Allogene’s Donor-derived CAR T-cell Therapy Cleared for Clinical Testing on Non-Hodgkin’s Lymphoma

Allogene’s Donor-derived CAR T-cell Therapy Cleared for Clinical Testing on Non-Hodgkin’s Lymphoma

Allogene Therapeutics and its partner Servier will soon launch a Phase 1/2 trial to assess the investigational cell therapy ALLO-501 in non-Hodgkin’s lymphoma patients who failed prior therapies, after the U.S. Food and Drug Administration (FDA) approved Allogene’s Investigational New Drug (IND) application.

“I am very pleased with the Allogene team’s ability to accelerate the ALLO-501 program by securing the FDA’s clearance of our IND,” David Chang, MD, PhD, president, CEO, and co-founder of Allogene, said in a press release.

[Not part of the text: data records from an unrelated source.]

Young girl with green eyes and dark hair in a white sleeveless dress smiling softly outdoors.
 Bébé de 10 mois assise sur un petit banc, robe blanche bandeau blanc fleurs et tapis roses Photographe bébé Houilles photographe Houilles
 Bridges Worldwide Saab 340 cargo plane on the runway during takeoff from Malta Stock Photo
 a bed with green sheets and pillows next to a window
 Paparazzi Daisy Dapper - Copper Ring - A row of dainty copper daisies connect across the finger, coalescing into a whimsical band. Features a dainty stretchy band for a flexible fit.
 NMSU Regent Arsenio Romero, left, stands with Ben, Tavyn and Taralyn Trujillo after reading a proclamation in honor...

ALLO-501 is a kind of cell-based therapy called CAR T-cell therapy. These therapies are usually designed to harness the patient’s own immune system into fighting cancers, by genetically modifying cells in the lab to better recognize cancer markers.

While using a patient’s cells prevents adverse reactions from the immune system, there are several drawbacks to this approach. Among them, patients need to wait a considerable amount of time before the cells are ready ­­­­— which is unfeasible for those with poor prognosis ­­­­— some patients might not have enough cells to work with, and most patients will not have enough cells for more of the therapy.

Allogene says that producing CAR T-cells from healthy donors could help overcome the problems of donor-derived products, and is developing several off-the-shelf products for cancer patients.

In addition to directing T-cells toward cancer cells, its products are also engineered to prevent adverse immune reactions that normally occur with donor-derived transplants ­­­­— called graft-versus-host disease. These therapies are then stored for on-demand delivery to patients.

ALLO-501, a donor-derived CAR T-cell therapy that targets the CD19 molecule on B-cells, will be investigated in the ALPHA Phase 1 trial.

The trial aims to determine the therapy’s safety and tolerability in 24 patients with the most common non-Hodgkin’s lymphoma subtypes, including diffuse large B-cell lymphoma and follicular lymphoma. It is expected to begin in the first half of 2019.

Before receiving the CAR T-cells, patients will undergo a conditioning regimen that makes room for the cells while killing any remaining cancer cells. This consists of a combination of the chemotherapies fludarabine and cyclophosphamide (Flu/Cy) along with ALLO-647 ­­­­— Allogene’s CD52 antibody.

Patients will be given ascending doses of ALLO-501, and then followed to assess side effects and evaluate the early potential of the therapy, including reduction in disease burden and changes in disease progression.

“This significant milestone for the company, as well as the planned initiation of the ALPHA trial, brings us one step closer to making CAR T therapy ‘on demand’ and more broadly accessible to patients when they are at a critical stage in their disease,” said Chang.

Added Patrick Therasse, MD, PhD, head of Oncology at Servier: “We are delighted that this program will soon be moving into the clinic. The upcoming clinical study will enable the teams to investigate the potential benefits of allogeneic CAR T therapy in patients with non-Hodgkin lymphoma, one of the largest hematological indications.”

Allogene, which is sponsoring ALLO-501’s programs, has exclusive rights to the therapy in the U.S., while Servier retains exclusive rights for all other countries.